Upon reaching the line that contains "A pic from outside/outdoor" in the records below, begin repeating every line exactly through the last one, skipping pictures.

## Extracted data entries
┄┄┄┄┄┄┄┄┄┄

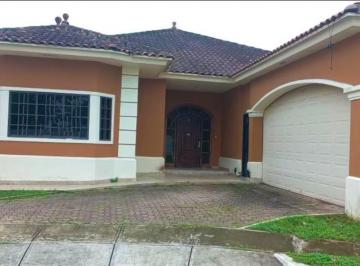 Casa · 483m² · 4 Recámaras · Venta de Residencia en Costa Sur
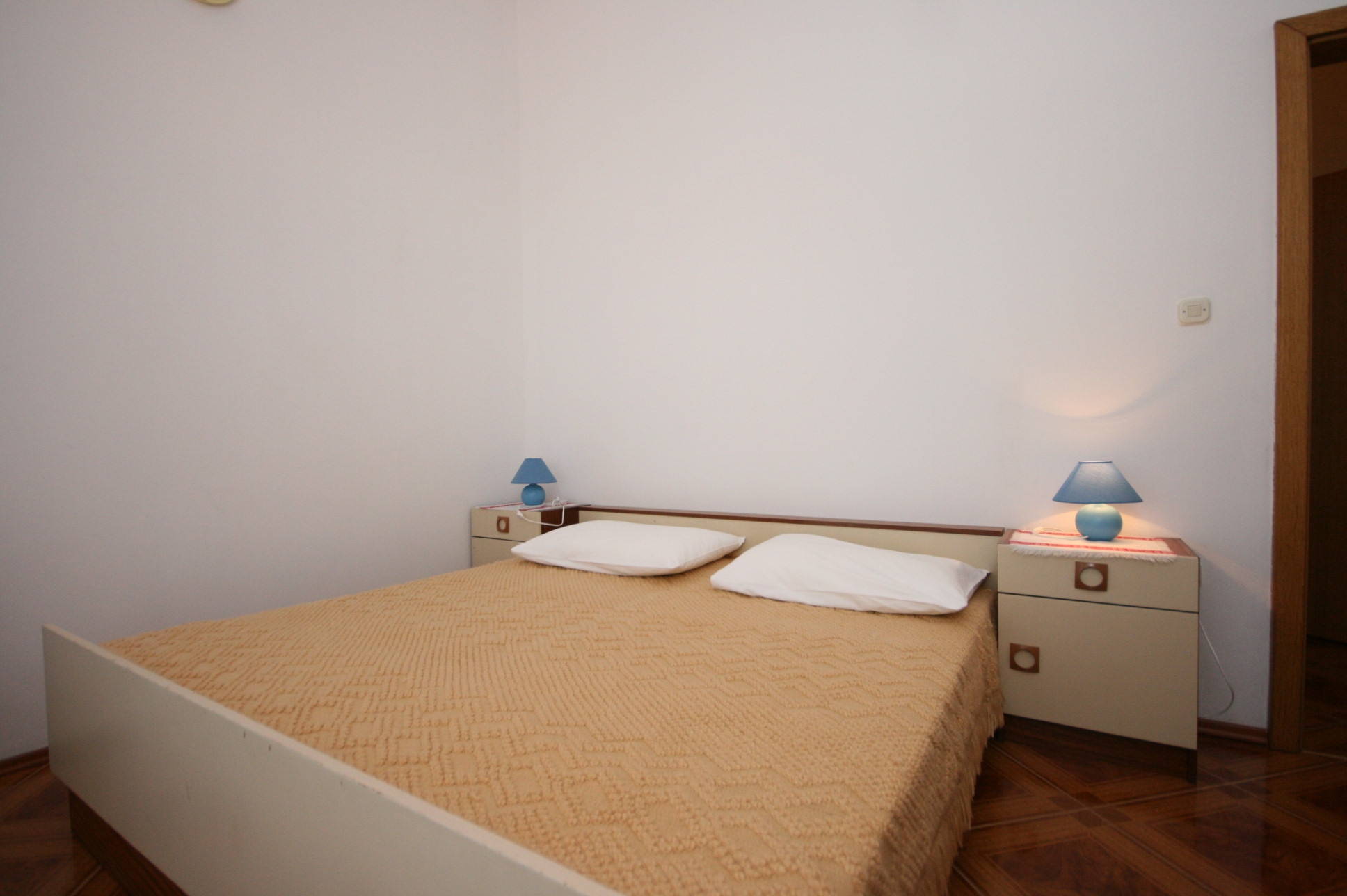 Two bedroom apartment with terrace and sea view Pag  A-e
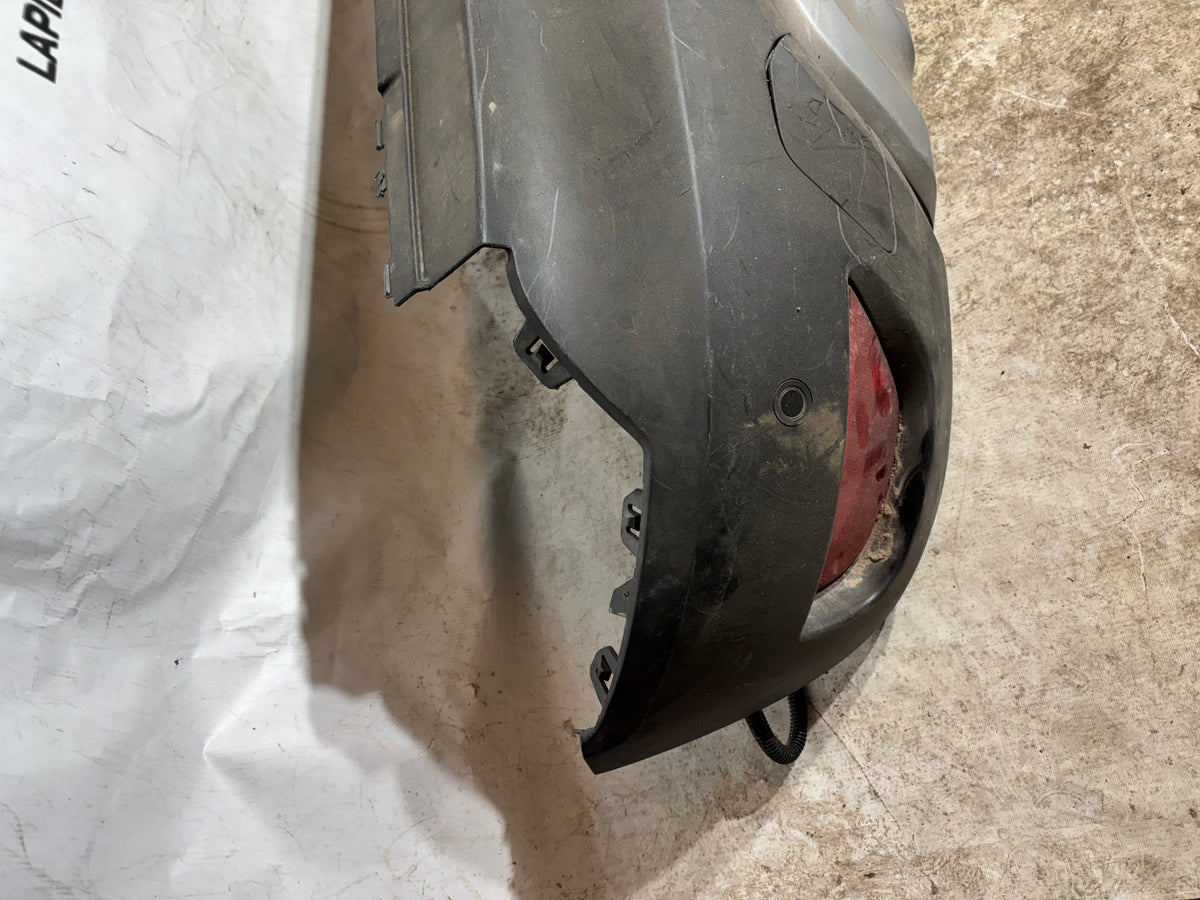 Pare choc arrière Renault Captur 1 gris 1 seule crosse 850164390R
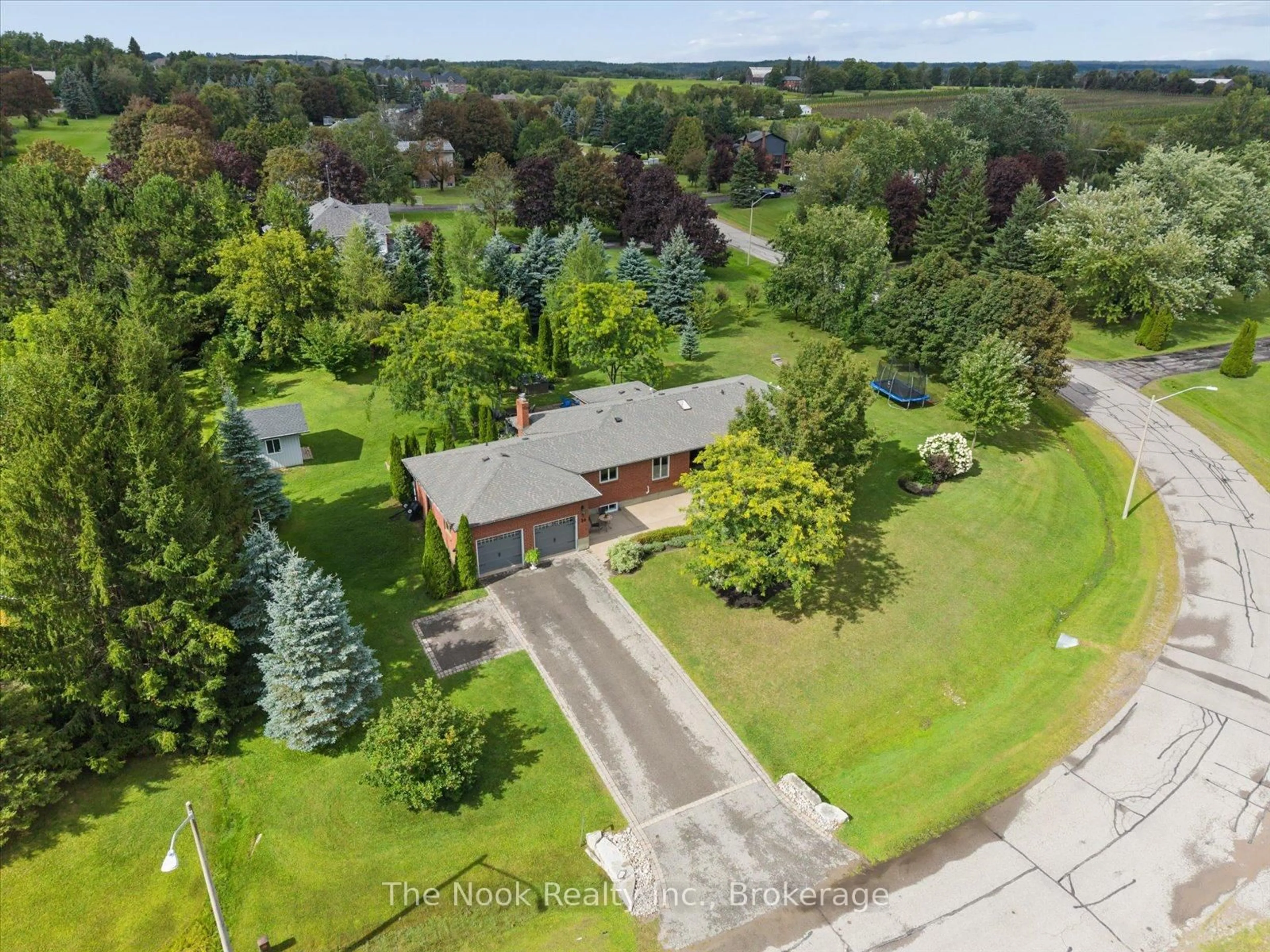 A pic from outside/outdoor area/front of a property/back of a property/a pic from drone, street for 30 Potters Lane, Clarington Ontario L0B 1J0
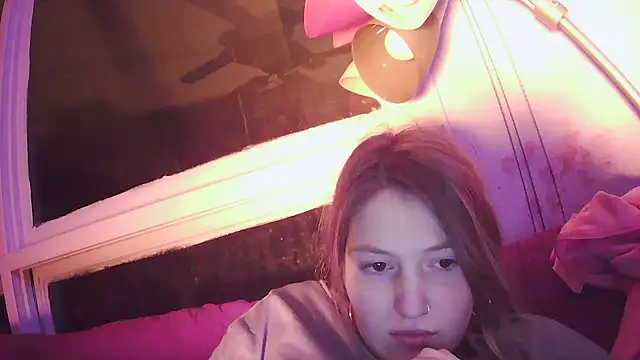 Snapshot of Angelk43 chatting on 02-21-26, 05:52 Angelk43 online show from 02-21-26, 05:52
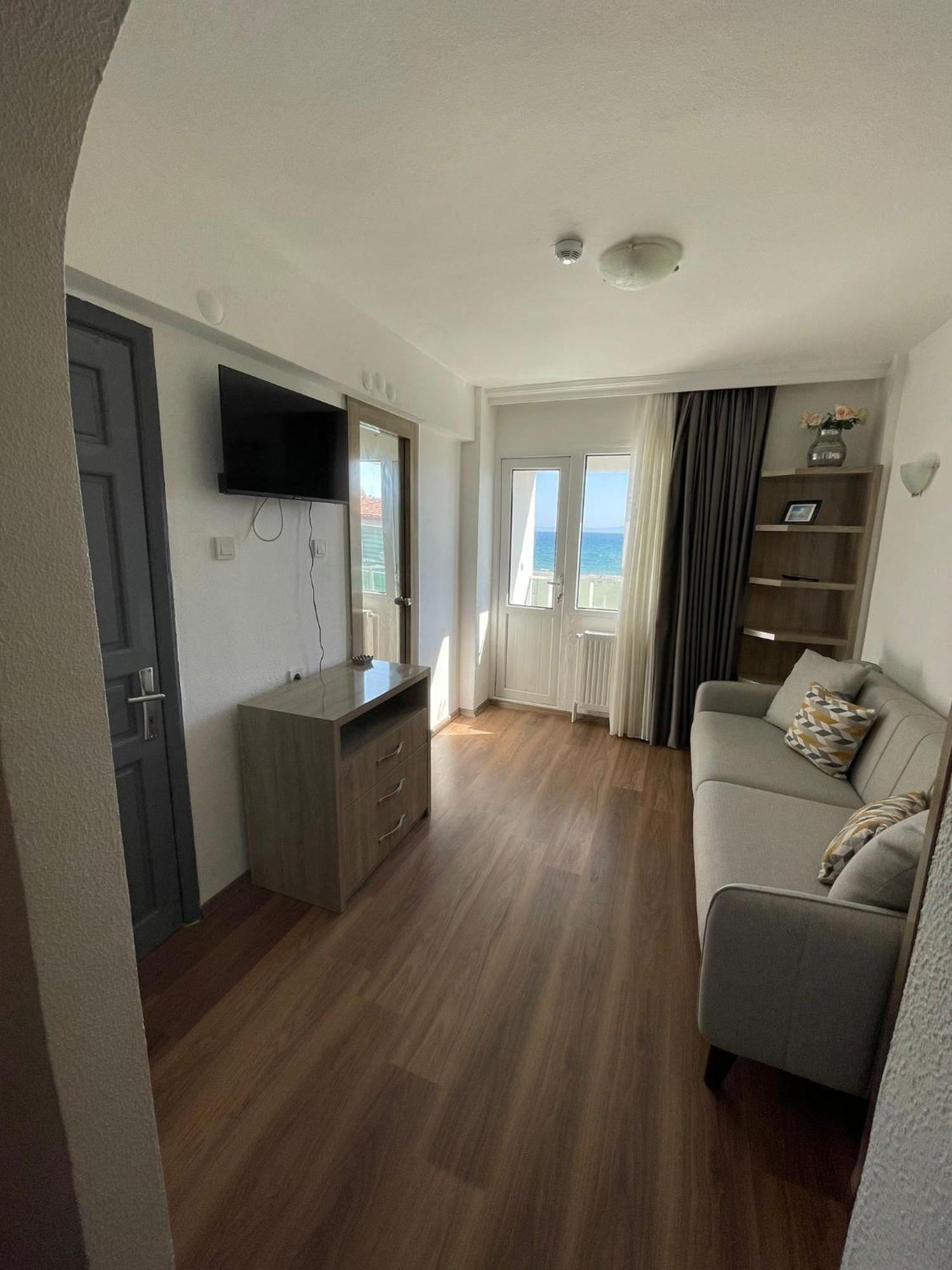 Colophon Beach Otel Gumuldur Exterior photo
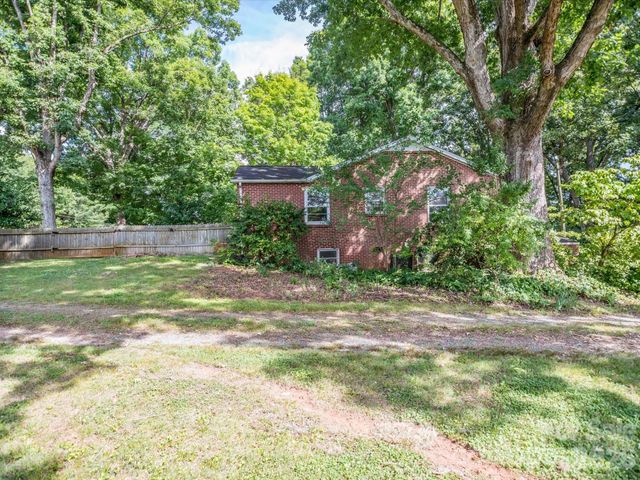 2111 Emmanuel Church Road, Conover, NC 28613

┄┄┄┄┄┄┄┄┄┄

## OUTPUT
 A pic from outside/outdoor area/front of a property/back of a property/a pic from drone, street for 30 Potters Lane, Clarington Ontario L0B 1J0
 Snapshot of Angelk43 chatting on 02-21-26, 05:52 Angelk43 online show from 02-21-26, 05:52
 Colophon Beach Otel Gumuldur Exterior photo
 2111 Emmanuel Church Road, Conover, NC 28613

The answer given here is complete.